Once your pipeline is deployed, it will process new orders files as they arrive.

Just before calling the method that does the computation on a new file, call Great Expectations' 
validate method to make sure that the file meets your expectations about 
what a valid orders file should look like.
If the file does not pass validation, you can decide what to do, e.g., stop the pipeline, since its output on invalid input cannot be guaranteed.


To run validation you need 2 things: 
* Something to validate - in our case it is a file loaded into a Pandas data frame (or Spark Dataframe, if your pipeline is built on Spark)
* Expectations to validate against - if you provide the name of the data asset for which you created expectations ("orders" in our example) to the validate method, Great Expectations will fetch the file with your expectations. 
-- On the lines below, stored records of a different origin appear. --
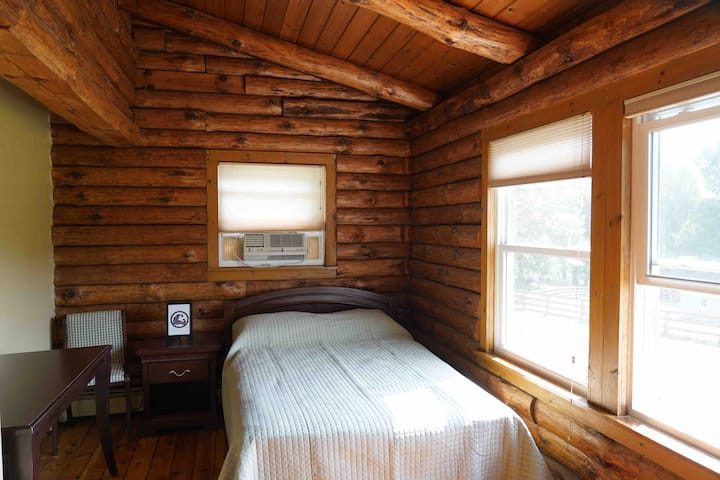 Bedroom on the 1st floor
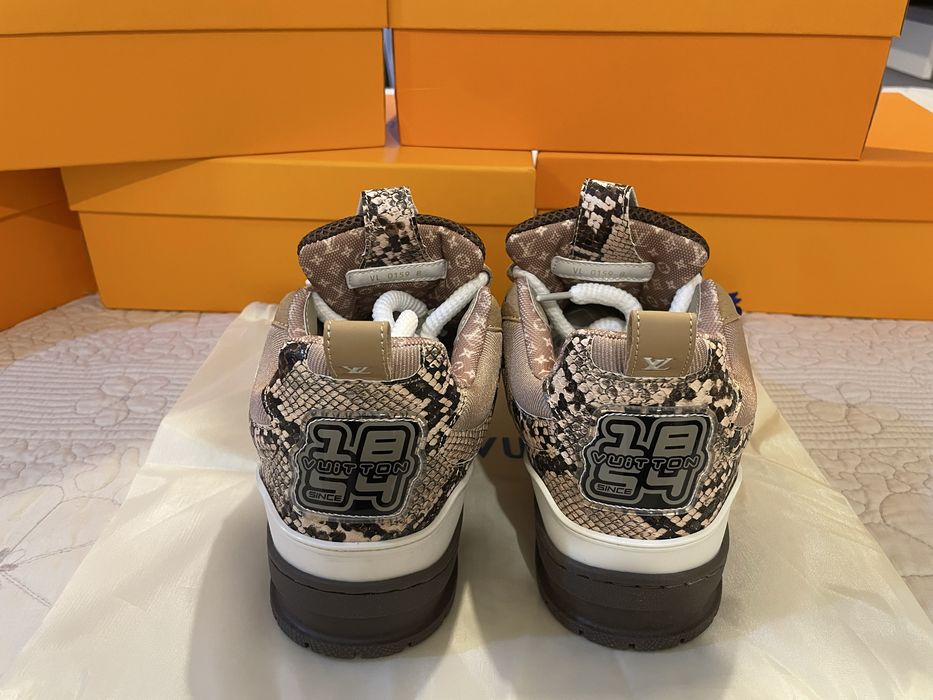 Louis Vuitton skate snake skin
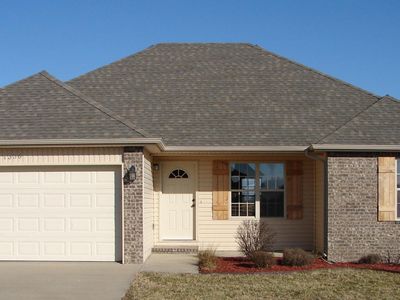 1356 S Calabria Ave, Republic, MO, 65738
### Create a DataContext object

Just like in the previous notebook where you created expectations, we need to create a `DataContext` object that represents Great Expectations in your data pipeline.


In [None]:
# context = ge.data_context.DataContext('../../', expectation_explorer=True)
context = ge.data_context.DataContext('../../', expectation_explorer=False)

### Choose the data asset name

In [None]:
context.list_expectations_configs() # ????

In [None]:
data_asset_name = "orders" # TODO: replace with your value!
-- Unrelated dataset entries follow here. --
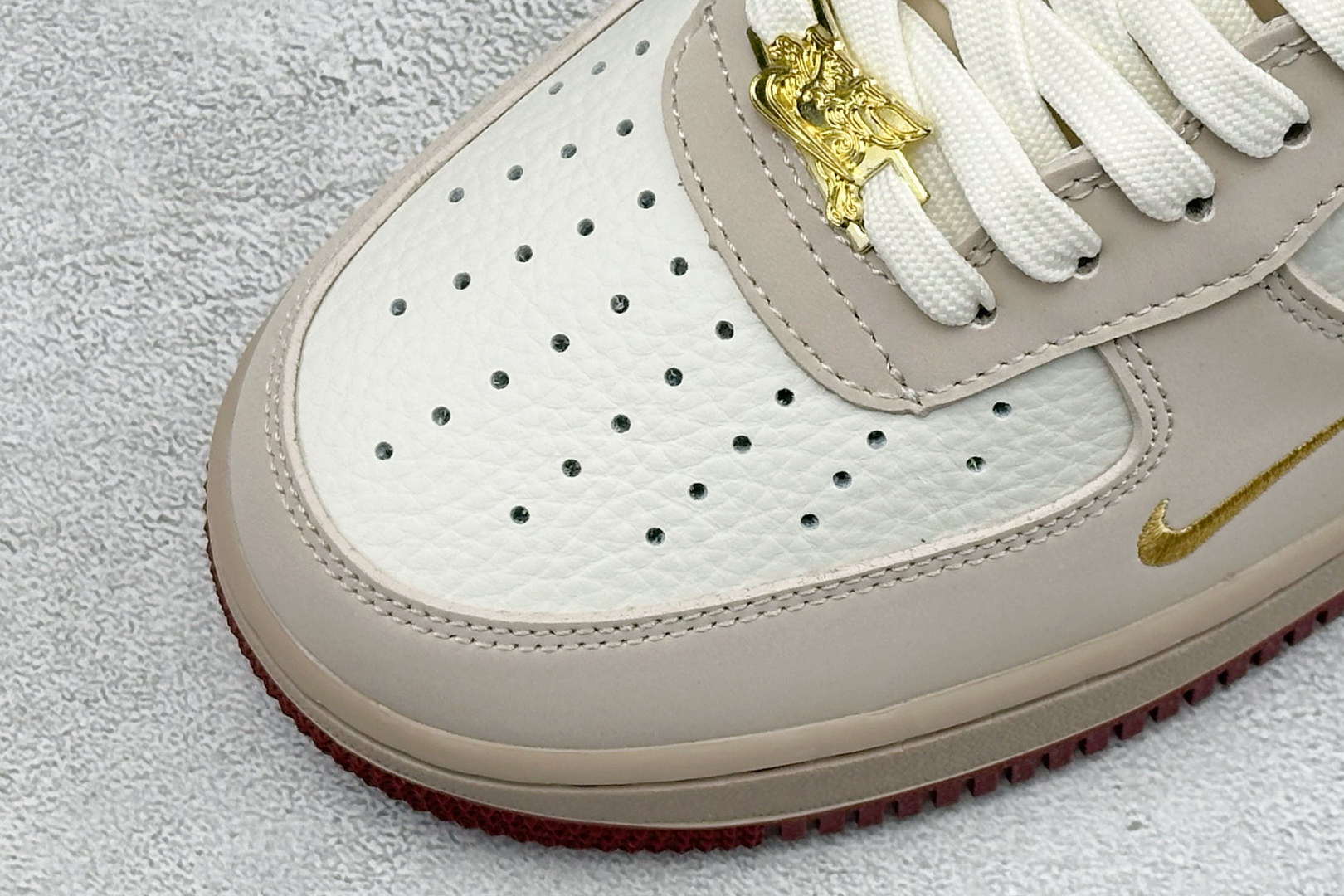 SC版Nike Air Force 1'07 Low 马年限定 米褐杏红 空军一号低帮休闲板鞋 NH0601-522 SC版Nike Air Force 1'07 Low 马年限定 米褐杏红 空军一号低帮休闲板鞋 NH0601-522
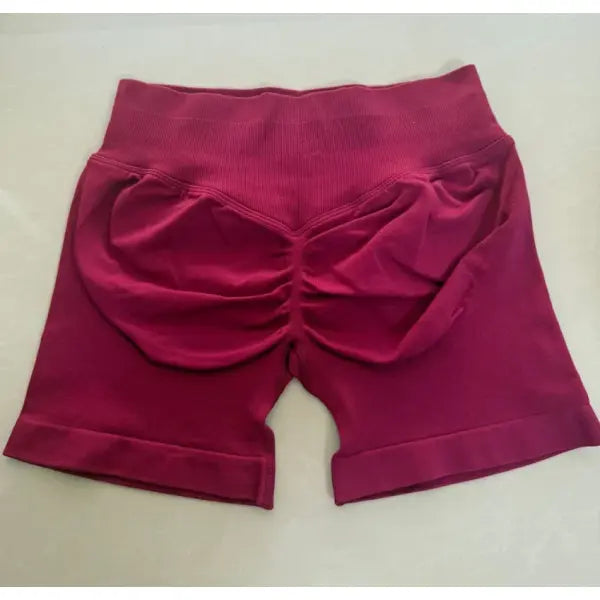 Low Waist Seamless Gym Shorts with Scrunch Butt Lifting Design - Wild Berry 1 / XS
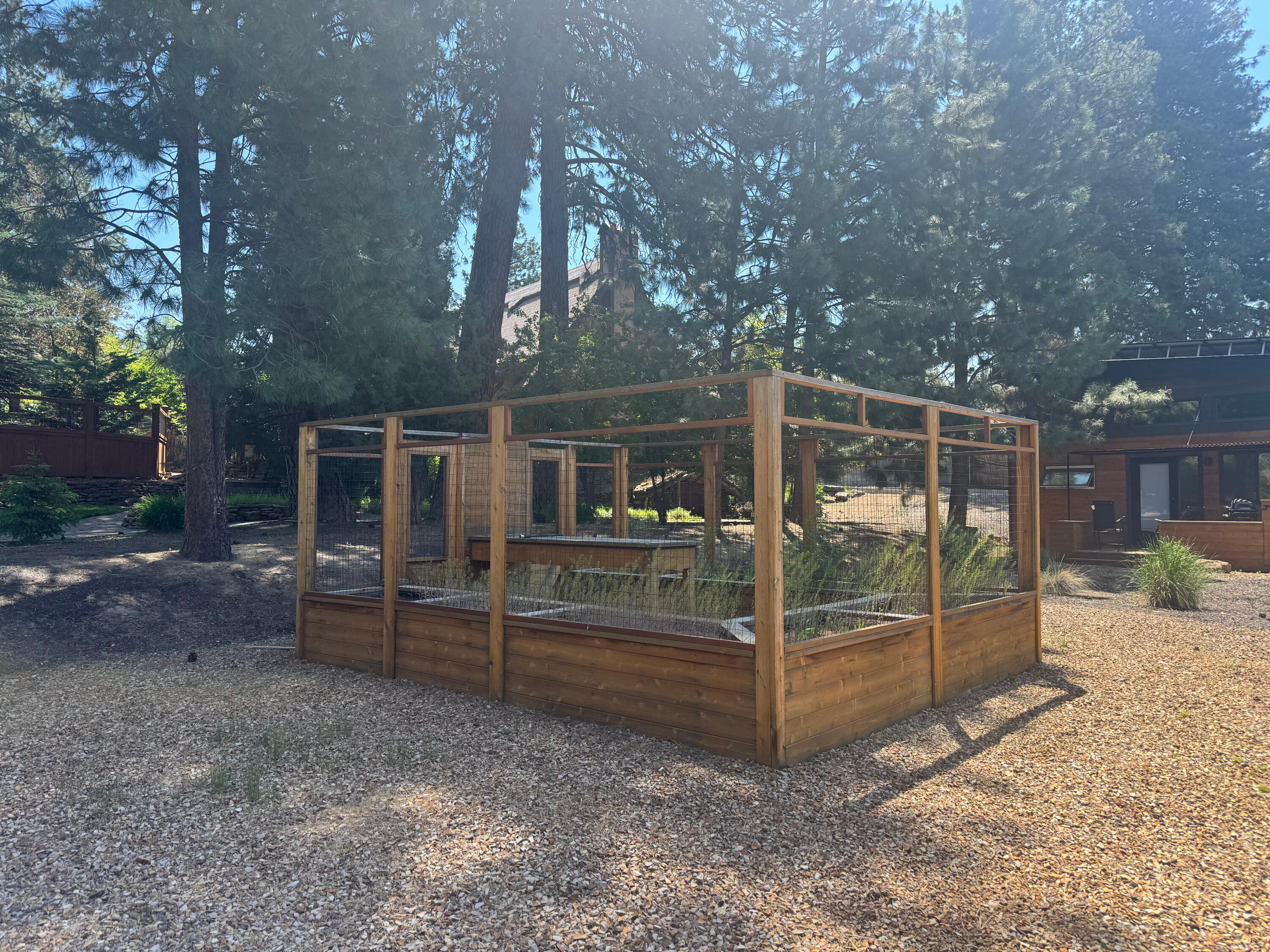 Hiatus - Residential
### Load a file for validation

set `file_path_to_validate` below to the full path of a file you want to validate

In [None]:
file_path_to_validate = # TODO: your file path


#### Uncomment the following if you are using Pandas

In [None]:
# df = pd.read_csv(file_path_to_validate)
# df.head()

#### Uncomment the following if you are using Spark

In [None]:
# from pyspark.sql import SparkSession
# from great_expectations.dataset import PandasDataset, SqlAlchemyDataset, SparkDFDataset
# spark = SparkSession.builder.getOrCreate()
# df = SparkDFDataset(spark.read.csv(file_path_to_validate))
# df.spark_df.show()

### Pipeline run id

Since your pipeline will validate batches before every run, we should pass run id to `validate`.

In this notebook will just use a random UUID as run id.

In [None]:
# Generate a run-id that GE will use to key shared parameters
run_id = str(uuid.uuid1())


### Validate the file

This is the "workhorse" method of Great Expectations. Call it in your pipeline code after loading the file and just before passing it to your computation.



In [None]:
validation_result = ge.validate(df,
          data_context=context, # Great Expectations context for your project
          data_asset_name=data_asset_name, # data asset name that corresponds to a collection of expectations
          run_id=run_id
          )

if validation_result["success"]:
    print("This file meets all expectations from a valid batch of {0:s}".format(data_asset_name))
else:
    print("This file is not a valid batch of {0:s}".format(data_asset_name))


### This is what a validation result looks like.

The result object will have an element for each expectation defined for this data asset.
If the batch did not pass an expectation, the element will have additional data (percentage of non-conforming records, examples of non-conforming values, etc.) 


In [None]:
print(json.dumps(validation_result, indent=4))

### Finishing touches - notifications and saving validation results and validated batches

#### Notifications
You want to be notified when the pipeline validated a batch, especially when the validation failed.

Great Expectations provides a Slack integration. To enable this, uncomment `result_callback` section in your project's great-expectations.yml and enter your Slack webhook URL (see https://api.slack.com/incoming-webhooks).

#### Saving validation results

To enable the storing of validation results, uncomment the `result_store` section in your great_expectations.yml file. There are 2 options - local (see `filesystem` key) and on S3 (see `s3` key).

This option will ensure that results of all validations are stored (both for batches that passed validation and those that did not meet our expectations).

#### Saving failed batches

When a batch fails validation (it does not pass all the expectations of the data asset), it is useful to save the batch along with the validation results for future review. You can enable this option in your project's great_expectations.yml file. There are 2 options - local (see `filesystem` key) and on S3 (see `s3` key).